Data for this exercise:
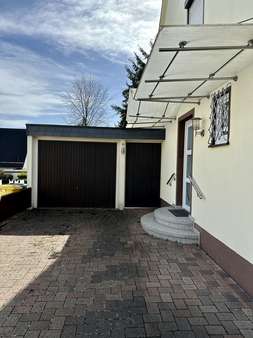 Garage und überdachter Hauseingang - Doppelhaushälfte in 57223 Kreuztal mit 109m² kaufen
* * *
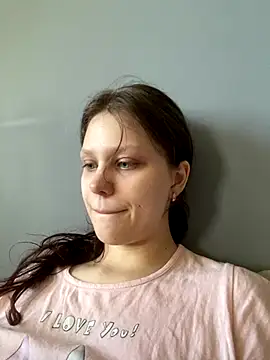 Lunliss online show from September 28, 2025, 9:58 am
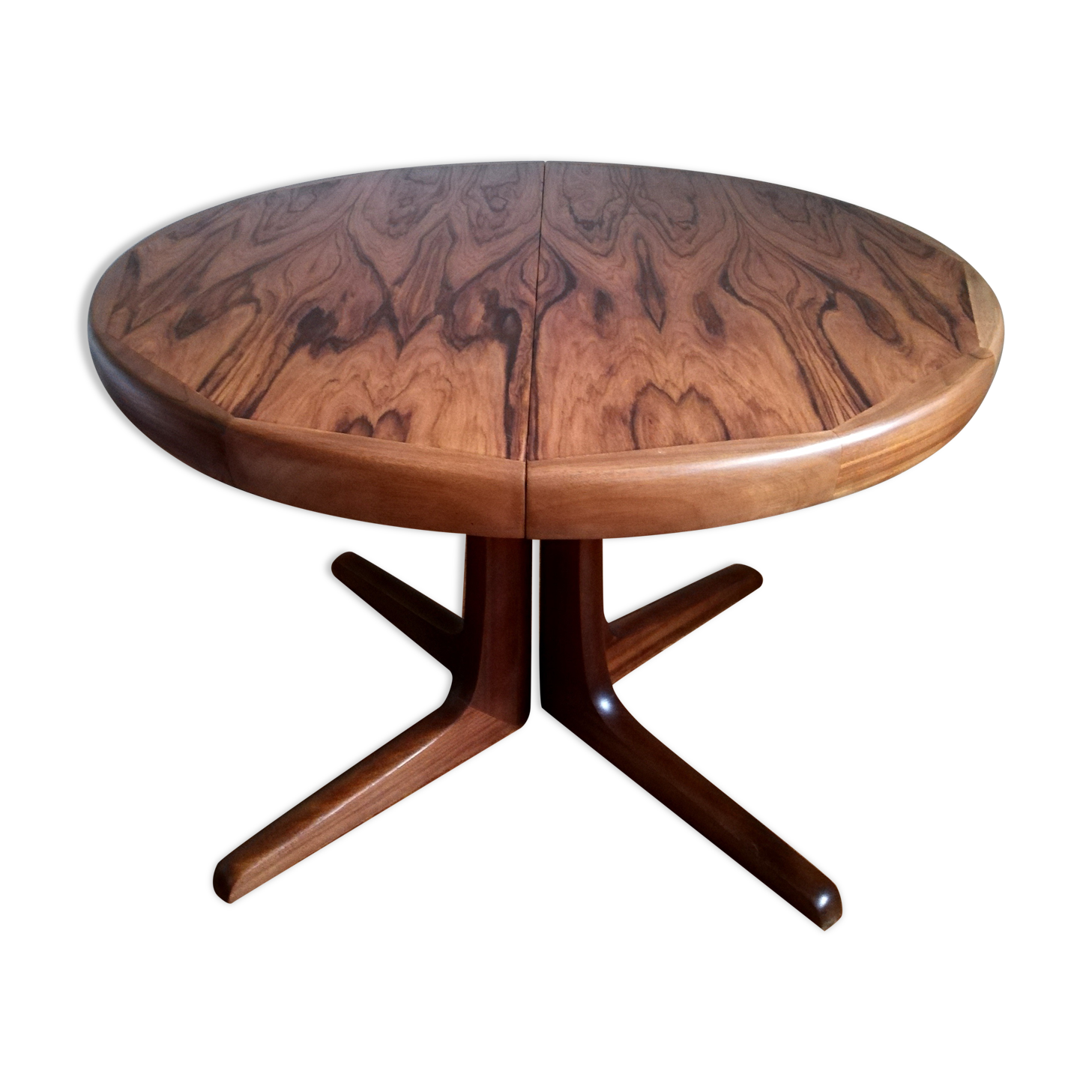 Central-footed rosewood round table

Action item:
Using the listing above, restate exactly the range between the lines holding "Lunliss online show" and "Central-footed rosewood round table", inclusive, with pictures left out.

Output of the task:
 Lunliss online show from September 28, 2025, 9:58 am
 Central-footed rosewood round table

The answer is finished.